Beaumont's Innovation Endurance: Mind-Set, Not Skillset

Last week, adventurer and broadcaster Mark Beaumont, along with his mother and manager, Una took to the stage in the EICC to talk about his latest journey cycling around the world in 80 days – and it was a roaring success.

When we started the Innovation Nation series two years ago, we never thought that we would reach sold out status in one of our biggest auditoriums.

Our aim was to be a platform for ideas that change the world – one that has evolved to become the EICC’s overall mission.

Mark Beaumont, however, is a bit special. He’s an example for all of us, whether you’re a big fan of cycling or not. The 34-year-old cyclist pushes himself to his limits to achieve his goals and has broken world records numerous times. His most recent adventure was cycling around the world – for the second time. He set out to complete it in 80 days, a la Jules Verne, but managed it in just 78. An amazing feat.

His motto is: “You’re never better than what you set out to do” – which is perhaps another way of saying dream big.

Up on stage with his mother Una, and host Clare English, and of course the bike he rode around the world (only 6 months old and has already done 20,000 miles) Mark took us through what it takes to be a record-breaking cyclist, where his passion for cycling comes from, and his true grit. 

He also dispelled the romantic notion that expeditions involve adventurers setting off just to see what they can do – his are very carefully and meticulously planned, and he relies on a strong support network. All his expeditions either are “bang on target, or they fail. And,” he noted, “they do fail.”

Failure is not a particularly inspiring notion, but it’s something we all feel, in big and small ways. It’s what we do after we fail that really counts.
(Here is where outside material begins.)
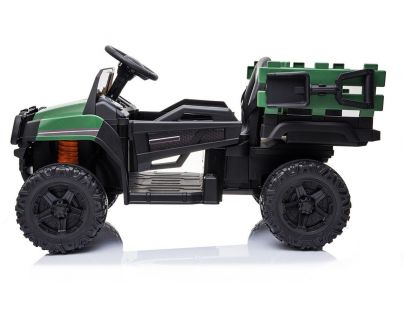 Detské elektrické auto s nákladným priestorom 12V na diaľkové ovládání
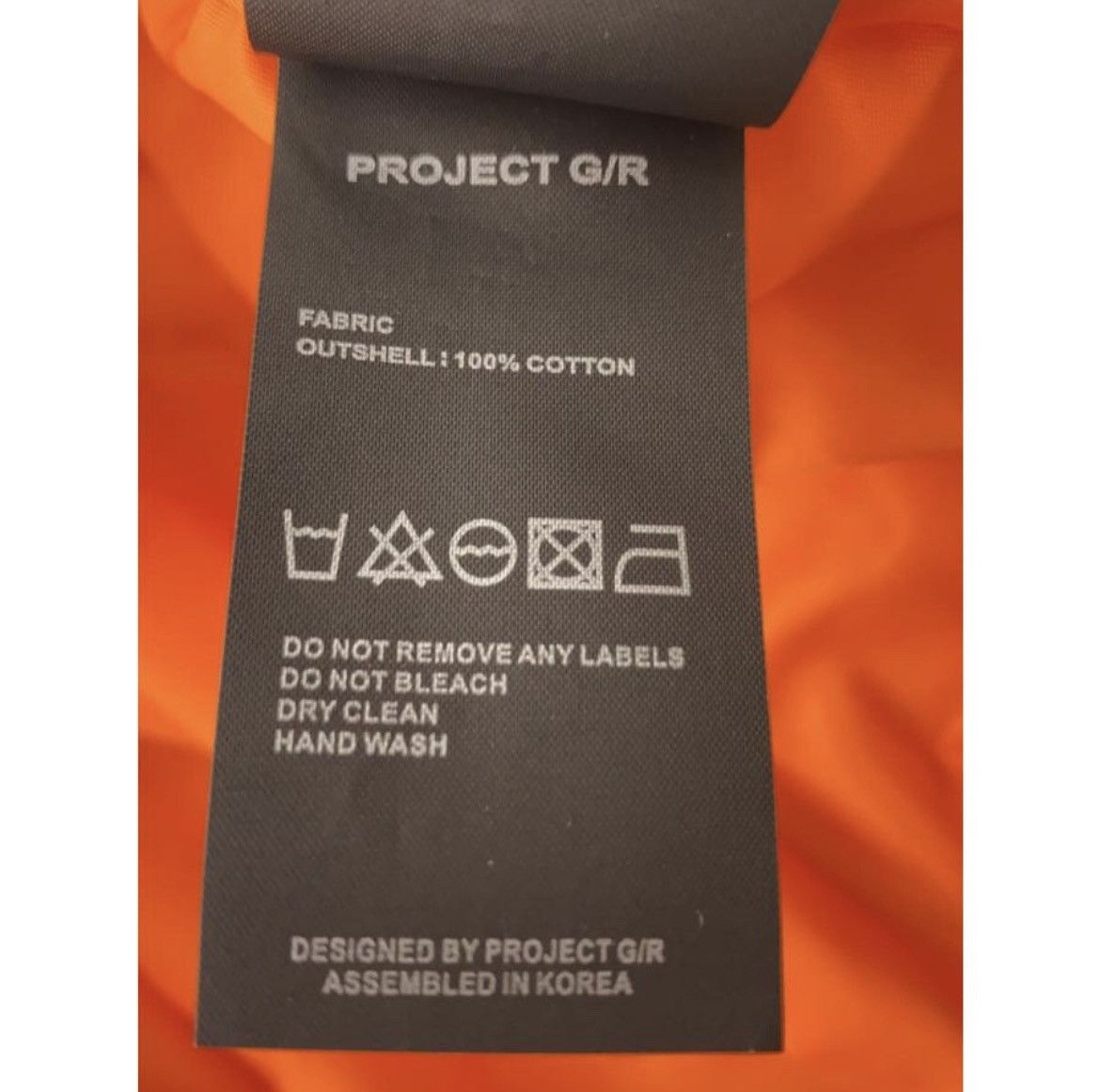 PROJECT G/R Project g/r Unbalanced jacket size 1 Size US S / EU 44-46 / 1 - 4 Thumbnail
As Mark noted, he has had his fair share of failure; his team’s rowboat capsized during its 500-mile journey to reach the ice caps in the North Pole. Out of his comfort zone and new to boating, Mark notes it was gruelling and upsetting when the boat tipped over, but he didn’t let it faze him.

“I’m the sort of person who gets stuck in. It was disorientating for me to see people just breaking down or withdrawing,” he said.

For Mark, it’s not just about your skillset. Your ability to succeed depends on your mind-set, and your attitude.

“We can all go beyond our technical ability,” he insisted. “We can all do what we set out to do.”

It’s inspiring words – and it does make you think how you can apply it to your own life, work and passions.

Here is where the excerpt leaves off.